» **ASSIGNMENT**:
Please copy exactly the part of the records below that opens with the line containing "SOPHIA | Ibiza" and closes with the line containing "Women's Sheath Dress", leaving out any pictures.

» **INPUT RECORDS**:
[Start of section]

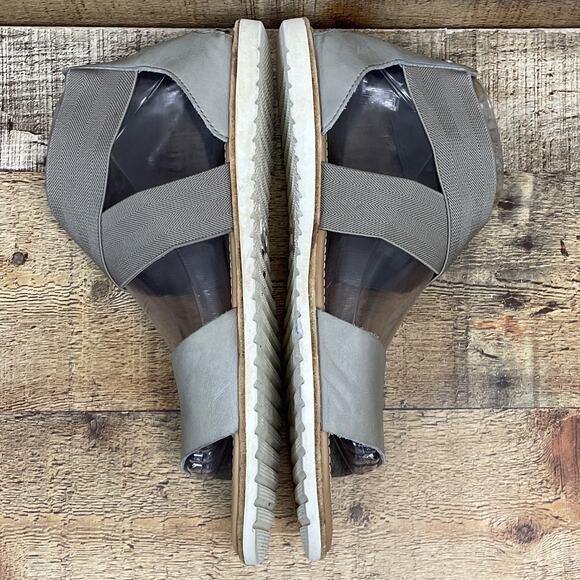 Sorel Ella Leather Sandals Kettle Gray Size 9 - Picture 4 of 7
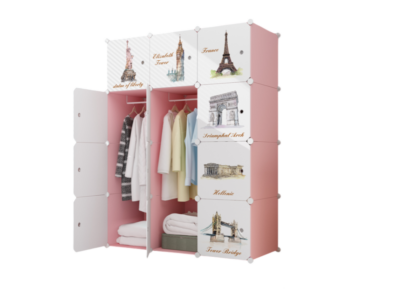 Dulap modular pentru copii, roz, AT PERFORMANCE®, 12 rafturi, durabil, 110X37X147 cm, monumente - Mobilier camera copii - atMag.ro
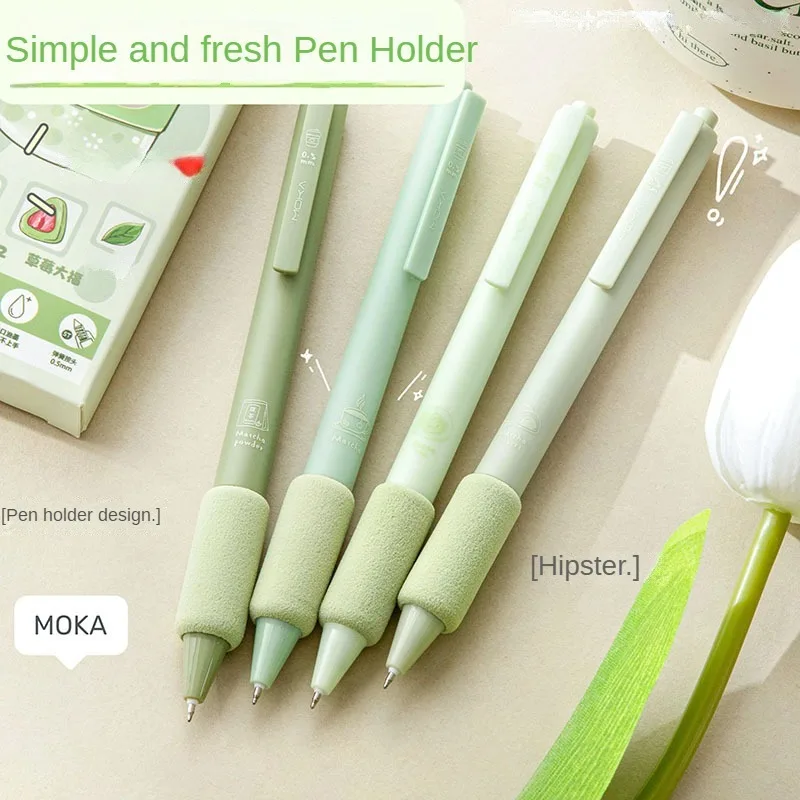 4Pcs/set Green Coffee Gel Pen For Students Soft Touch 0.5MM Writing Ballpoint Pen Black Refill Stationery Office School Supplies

[End of section]
[Start of section]

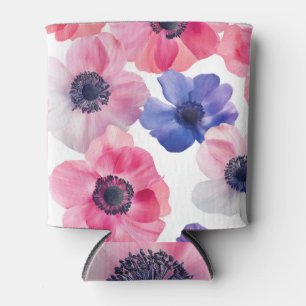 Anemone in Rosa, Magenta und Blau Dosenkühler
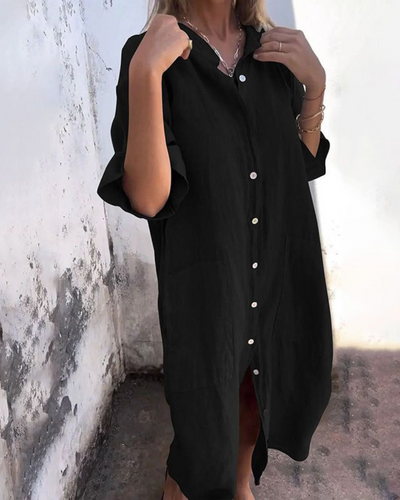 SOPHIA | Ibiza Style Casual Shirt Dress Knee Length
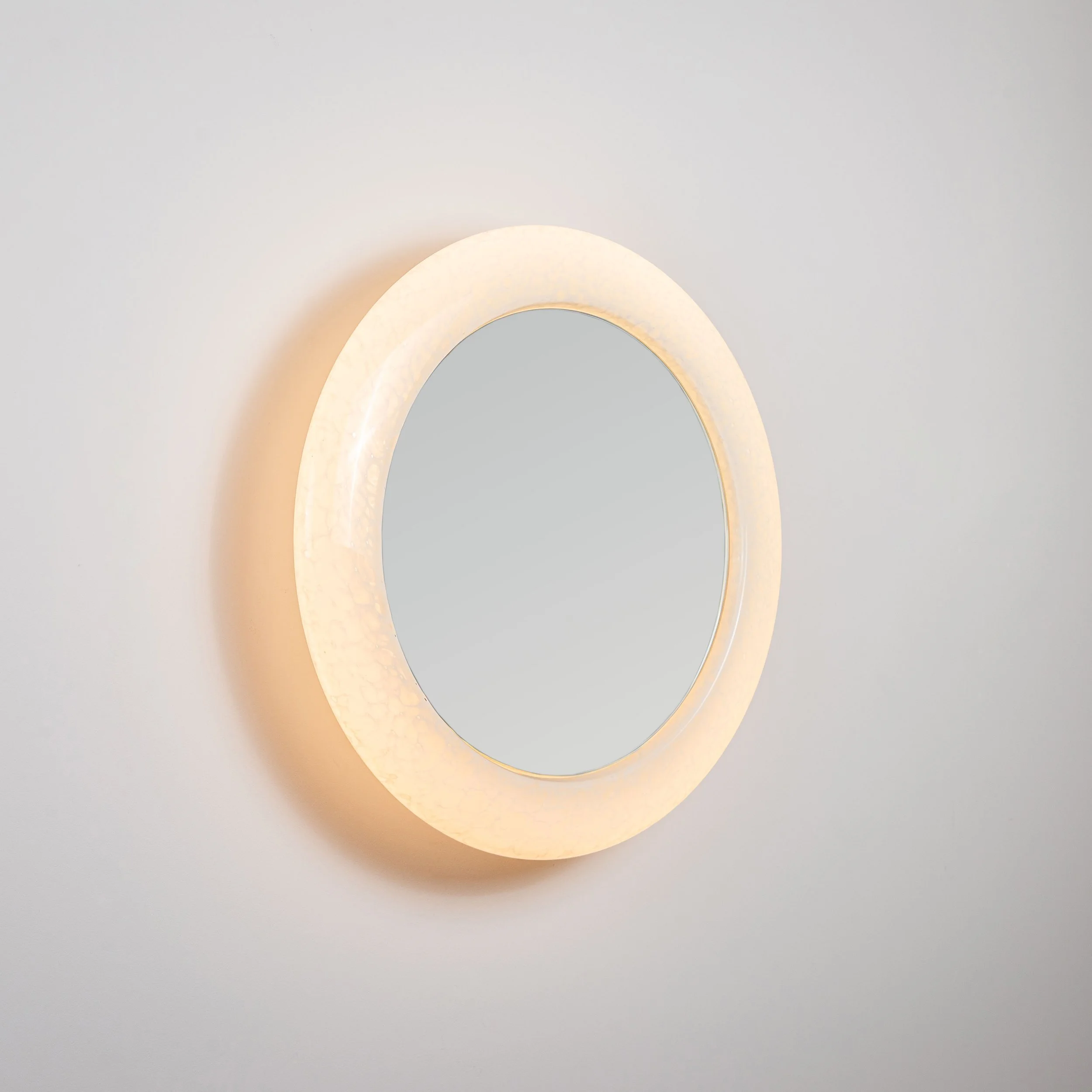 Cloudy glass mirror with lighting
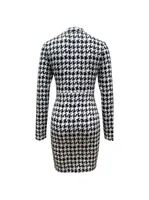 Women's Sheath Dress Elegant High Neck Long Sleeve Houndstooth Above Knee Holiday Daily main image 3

[End of section]
[Start of section]

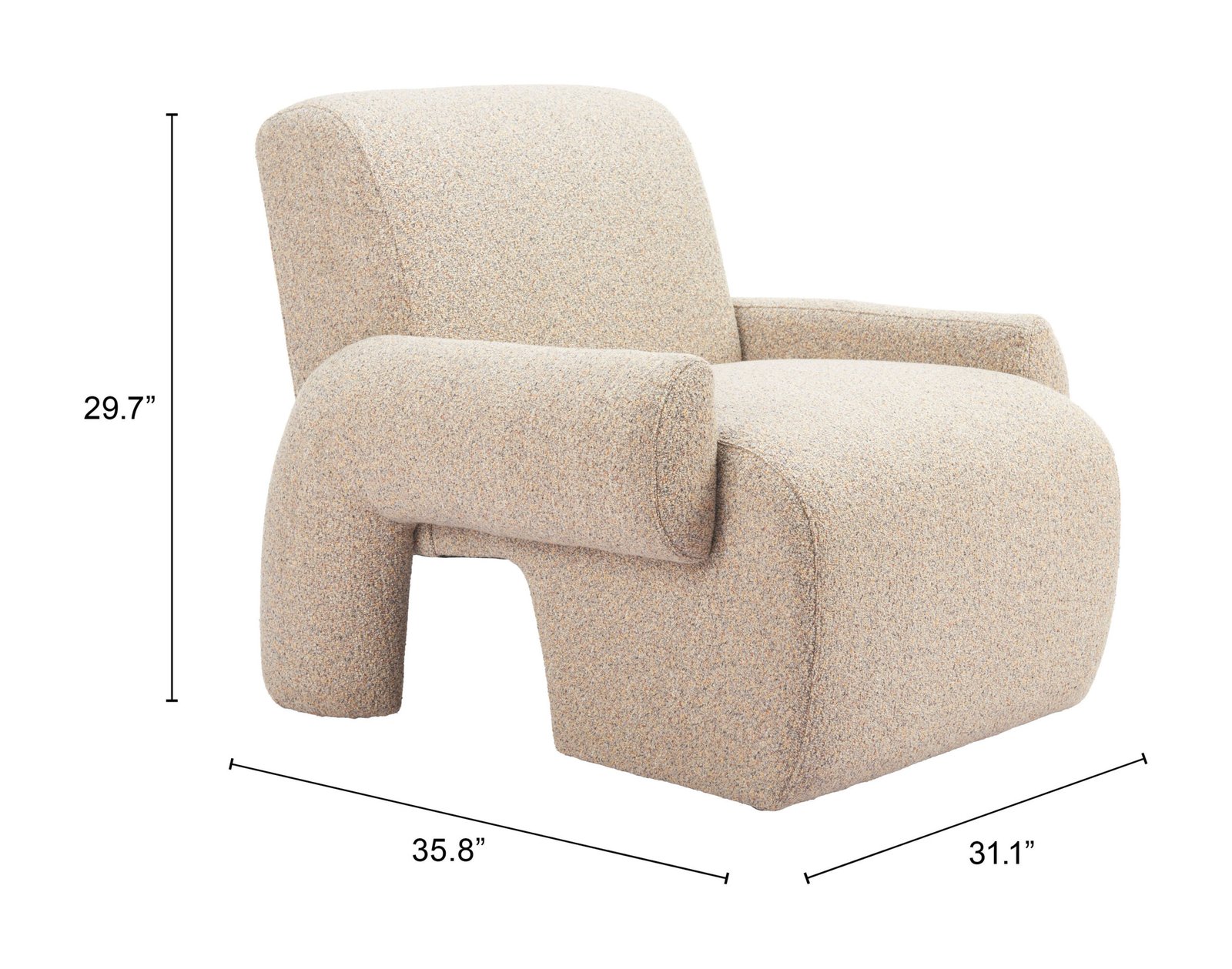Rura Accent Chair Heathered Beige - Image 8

[End of section]

» **OUTPUT FOR THIS TASK**:
 SOPHIA | Ibiza Style Casual Shirt Dress Knee Length
 Cloudy glass mirror with lighting
 Women's Sheath Dress Elegant High Neck Long Sleeve Houndstooth Above Knee Holiday Daily main image 3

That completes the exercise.